╭─ Entries provided
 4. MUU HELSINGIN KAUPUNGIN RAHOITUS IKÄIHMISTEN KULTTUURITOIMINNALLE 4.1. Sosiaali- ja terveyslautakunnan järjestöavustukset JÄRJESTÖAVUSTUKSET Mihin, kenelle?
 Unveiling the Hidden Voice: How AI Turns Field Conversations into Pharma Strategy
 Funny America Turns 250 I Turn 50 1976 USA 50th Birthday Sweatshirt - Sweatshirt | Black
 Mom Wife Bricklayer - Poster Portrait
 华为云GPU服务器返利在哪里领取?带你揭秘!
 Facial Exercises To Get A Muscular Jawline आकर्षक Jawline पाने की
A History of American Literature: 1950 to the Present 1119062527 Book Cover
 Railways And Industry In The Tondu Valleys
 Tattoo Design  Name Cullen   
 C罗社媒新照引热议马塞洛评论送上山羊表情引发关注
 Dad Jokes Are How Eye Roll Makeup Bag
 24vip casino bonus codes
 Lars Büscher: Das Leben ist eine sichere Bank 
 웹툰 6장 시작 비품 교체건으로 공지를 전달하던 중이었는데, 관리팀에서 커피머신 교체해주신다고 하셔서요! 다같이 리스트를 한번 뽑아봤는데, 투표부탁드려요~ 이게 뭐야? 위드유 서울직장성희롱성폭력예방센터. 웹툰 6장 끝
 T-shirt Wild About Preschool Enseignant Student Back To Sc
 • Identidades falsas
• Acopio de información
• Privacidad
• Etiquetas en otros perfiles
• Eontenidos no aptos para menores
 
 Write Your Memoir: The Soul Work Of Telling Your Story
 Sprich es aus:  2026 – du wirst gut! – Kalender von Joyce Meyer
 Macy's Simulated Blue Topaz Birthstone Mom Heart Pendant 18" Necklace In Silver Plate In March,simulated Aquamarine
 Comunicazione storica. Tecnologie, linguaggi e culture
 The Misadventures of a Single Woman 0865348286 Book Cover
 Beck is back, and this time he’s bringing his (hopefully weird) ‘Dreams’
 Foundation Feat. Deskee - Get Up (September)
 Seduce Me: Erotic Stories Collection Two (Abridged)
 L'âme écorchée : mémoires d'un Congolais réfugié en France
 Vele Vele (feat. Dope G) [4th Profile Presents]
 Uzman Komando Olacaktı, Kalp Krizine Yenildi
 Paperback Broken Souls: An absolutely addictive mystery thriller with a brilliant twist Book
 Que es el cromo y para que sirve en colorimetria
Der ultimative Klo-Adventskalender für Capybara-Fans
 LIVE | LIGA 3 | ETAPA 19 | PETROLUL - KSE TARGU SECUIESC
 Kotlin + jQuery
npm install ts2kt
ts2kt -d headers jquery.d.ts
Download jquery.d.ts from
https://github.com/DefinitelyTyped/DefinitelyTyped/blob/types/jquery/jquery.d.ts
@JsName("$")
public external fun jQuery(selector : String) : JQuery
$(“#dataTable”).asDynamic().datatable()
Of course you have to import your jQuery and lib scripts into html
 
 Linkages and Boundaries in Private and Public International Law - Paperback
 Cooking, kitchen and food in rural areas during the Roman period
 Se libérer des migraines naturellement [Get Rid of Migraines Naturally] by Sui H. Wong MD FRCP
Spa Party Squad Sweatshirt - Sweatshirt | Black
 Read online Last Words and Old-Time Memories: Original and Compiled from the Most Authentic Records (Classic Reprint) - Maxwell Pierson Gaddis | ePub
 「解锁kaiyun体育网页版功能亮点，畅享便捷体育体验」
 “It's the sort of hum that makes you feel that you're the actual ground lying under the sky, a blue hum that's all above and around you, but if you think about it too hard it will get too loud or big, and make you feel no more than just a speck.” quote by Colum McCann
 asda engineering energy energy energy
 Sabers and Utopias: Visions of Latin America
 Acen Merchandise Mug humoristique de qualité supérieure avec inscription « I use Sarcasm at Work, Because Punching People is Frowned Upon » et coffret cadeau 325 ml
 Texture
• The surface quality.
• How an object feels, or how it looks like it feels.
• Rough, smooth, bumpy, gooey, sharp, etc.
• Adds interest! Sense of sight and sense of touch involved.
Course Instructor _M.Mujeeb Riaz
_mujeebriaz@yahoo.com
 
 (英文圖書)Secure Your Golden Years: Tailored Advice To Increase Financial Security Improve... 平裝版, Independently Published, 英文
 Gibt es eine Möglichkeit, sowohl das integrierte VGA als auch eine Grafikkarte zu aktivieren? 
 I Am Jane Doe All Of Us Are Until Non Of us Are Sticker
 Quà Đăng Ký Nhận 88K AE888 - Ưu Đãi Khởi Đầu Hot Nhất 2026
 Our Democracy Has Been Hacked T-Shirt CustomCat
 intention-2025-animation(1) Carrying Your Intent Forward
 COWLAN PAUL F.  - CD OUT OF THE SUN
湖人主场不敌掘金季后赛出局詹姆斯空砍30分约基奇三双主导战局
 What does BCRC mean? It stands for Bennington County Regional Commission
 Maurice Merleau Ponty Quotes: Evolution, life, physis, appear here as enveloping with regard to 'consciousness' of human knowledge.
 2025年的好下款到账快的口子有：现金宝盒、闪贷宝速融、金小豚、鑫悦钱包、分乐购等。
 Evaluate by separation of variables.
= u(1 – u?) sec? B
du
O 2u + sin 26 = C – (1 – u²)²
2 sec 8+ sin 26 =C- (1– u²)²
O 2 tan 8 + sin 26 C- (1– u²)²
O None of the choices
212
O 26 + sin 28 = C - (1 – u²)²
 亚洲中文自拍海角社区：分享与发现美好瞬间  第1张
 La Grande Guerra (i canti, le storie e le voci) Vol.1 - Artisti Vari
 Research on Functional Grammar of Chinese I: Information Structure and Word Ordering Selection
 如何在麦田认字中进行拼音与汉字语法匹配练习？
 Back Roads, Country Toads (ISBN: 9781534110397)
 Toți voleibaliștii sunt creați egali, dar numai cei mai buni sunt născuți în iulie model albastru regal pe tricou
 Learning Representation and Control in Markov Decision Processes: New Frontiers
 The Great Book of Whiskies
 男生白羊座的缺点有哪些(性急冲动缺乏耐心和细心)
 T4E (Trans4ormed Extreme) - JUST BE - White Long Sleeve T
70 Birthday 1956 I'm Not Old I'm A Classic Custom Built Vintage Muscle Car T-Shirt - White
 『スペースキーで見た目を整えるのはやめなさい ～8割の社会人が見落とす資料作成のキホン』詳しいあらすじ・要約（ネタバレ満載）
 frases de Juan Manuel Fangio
╰─
# Problem description:
Beginning at the line above that contains "Se libérer des", return each line exactly through the line that contains "Read online Last", and no others.

# Written reply:
 Se libérer des migraines naturellement [Get Rid of Migraines Naturally] by Sui H. Wong MD FRCP
Spa Party Squad Sweatshirt - Sweatshirt | Black
 Read online Last Words and Old-Time Memories: Original and Compiled from the Most Authentic Records (Classic Reprint) - Maxwell Pierson Gaddis | ePub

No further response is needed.